First of all, and unrelated to books, I had completely forgotten about weather. Grey days and sunny days don't mean weather to me; they're 95-98% of what the Bay Area experiences all year. No, it's *weather* that still startles me. Like tonight's rainstorm, which was bad enough that I actually read in the library for a while until the rain died down from a pounding roar to just a roar. That was...novel.
So I started reading The Absolutely True Diary of a Part-Time Indian
while waiting for the bus. And on the bus. And walking home from the stop (in the rain!) And so on until I finished it. It's a YA novel, so it didn't take much more than an hour or two. But oh, what an hour!

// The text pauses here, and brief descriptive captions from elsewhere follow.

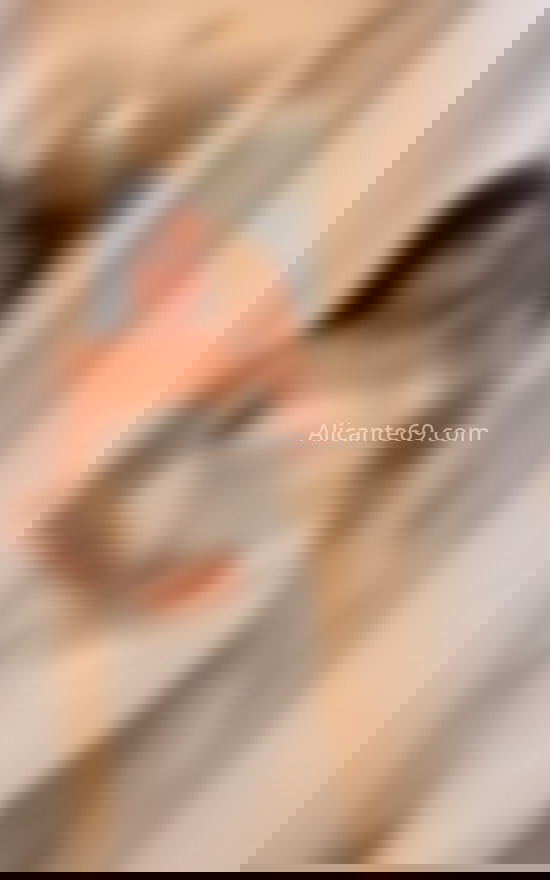 Laura, chica sofisticada. 666188475. Citas en ALICANTE, ALICANTE. www.alicante69.com.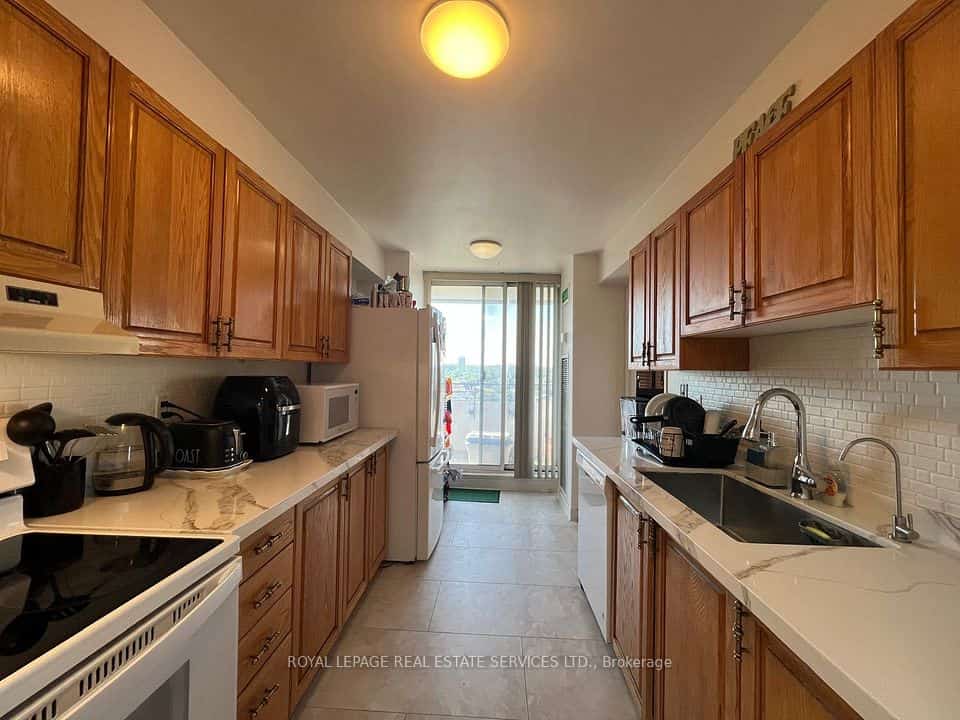 1300 Mississauga Valley Boulevard #902, Mississauga, ON L5A 3S9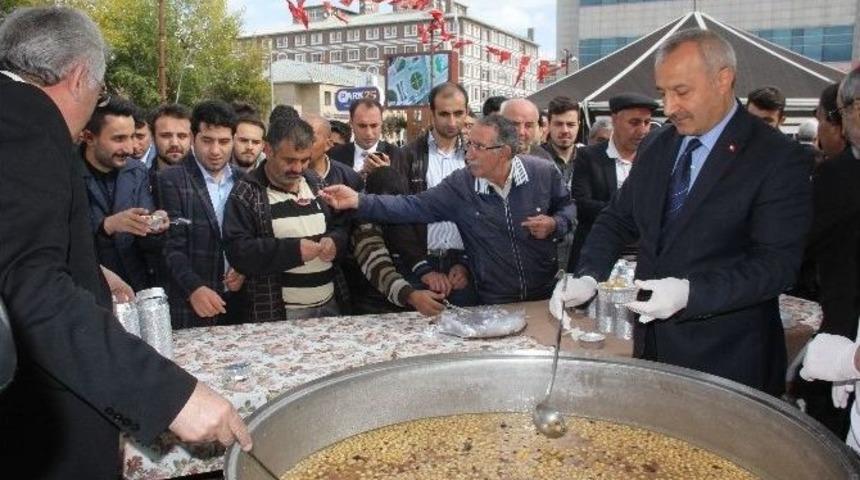 Erzurum&rsquo;da Erenler Alevi Ve Bektaşi Derneği&rsquo;nce Aşure Dağıtıldı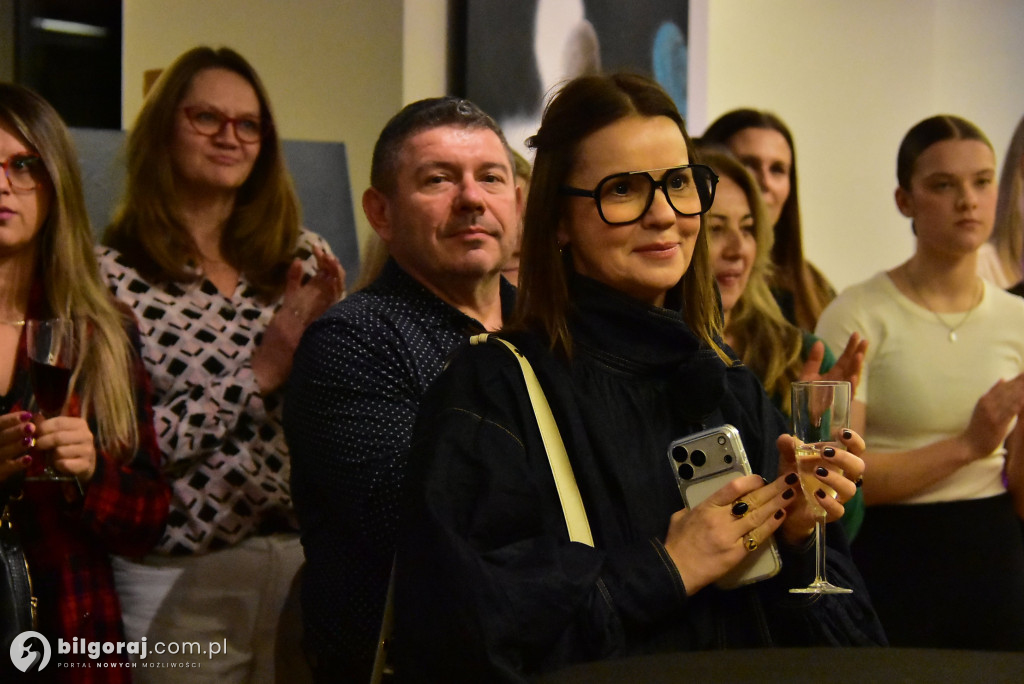 Dwie wizje człowieka: Wernisaż malarstwa Moniki Szabat i Alicji Naklickiej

Our Hero is a skinny Spokane with a tendency to stutter and lisp and with severe brain injuries from birth problems. He draws because drawings can speak to anyone, while writing can only speak to people who understand the language. (And the books is illustrated with Junior's cartoons thoughout. The dirrent styles and uses are fantastic!) He's incredibly intelligent, and lives on the rez. Anyone who's heard Alexie talk about reservations knows that this is not a good combination. Junior gets fed up with life, and is encouraged by a teacher to find a different path. He spends his freshman year at an all-white school 22 miles from the rez.
It has a voice that rings very true. Arnold Junior is pulled by Hope and Home, and doesn't quite fit in either. There is bad in Hope, and there is bad in Home, and good in each. There are major, massive triumphs, and major, massive lamentations. There is no resolution at the end, just changing circumstance and the knowledge that life goes on.
This was lighter than a lot of Alexie's other work, and he knows that he is definitely writing for a teenaged audience. But he doesn't pull any punches, either. A lot of themes he's discussed before are present, if in simpler language than he normally uses. And a lot of the themes are also traditional to teen lit: finding a place for yourself, feeling new, understanding society's rules, living by your parents' laws vs. forging your own path...
All in all, a truly excellent work, with a lot of depth to it. It deserves every award that it has been given.